I've added a GeoPandas example similar to the one above to each of the following pages btw:
I chose a different dataset because, confusingly, the one you're using is actually a GeoJSON object already... you're loading it via GeoPandas but you could also have just loaded it as a dict ;) The examples I've used above for choropleths load data from a shapefile, which i hope is less likely to be confusing for users.
thank you for the explanations !
You did well to chose a different dataset. I hope it helps communities :)
While I was in there, I added some GeoPandas examples to:
It's not as graceful as the polygon/point support but at least it's in the docs now :)

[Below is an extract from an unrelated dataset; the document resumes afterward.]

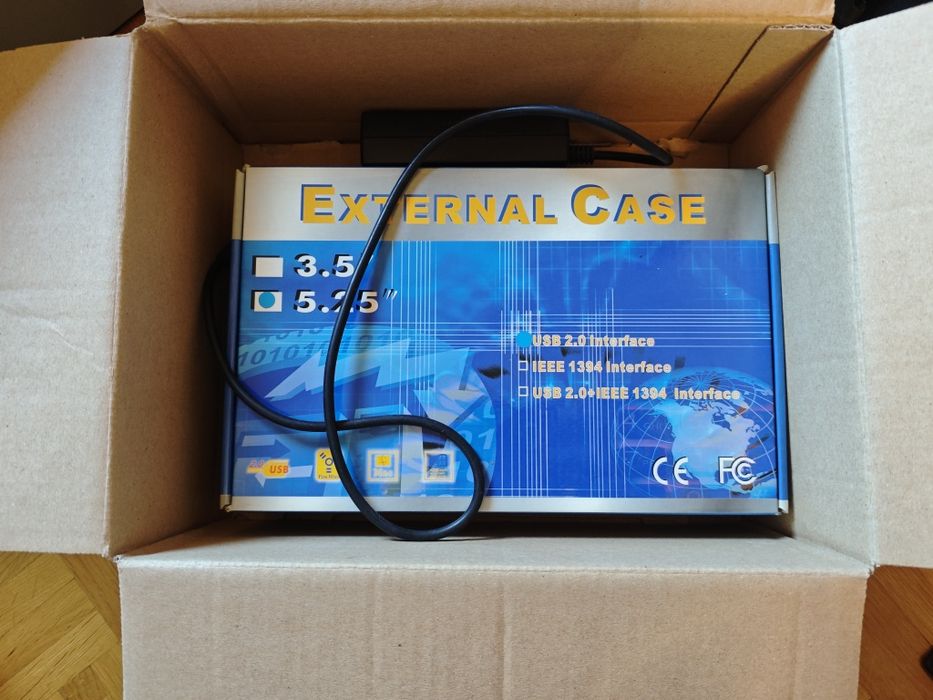 Caixa disco USB 5,25"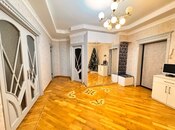 3-комн. новостройка - пос. 8-й мкр - 105 м²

I'll close this issue in favour of more specific proposals in the Plotly.py repo such as https://github.com/plotly/plotly.py/issues/2601
Hi,
Thanks for your amazing work, many custom function can now been deprecated and lots of keystroke are saved. If I may have a feature request it would be to support geopandas API for the geo plots.
If you are not familiar with this library, it inherits
pd.DataFrame
and embedd a customgeometry
column that stores the geo object (Points, Polygone, Line ...). It would be great if the plots could be done based on the geometry automatically, without casting points, or specifing the that you want polygons...Tell me if you want more details about this.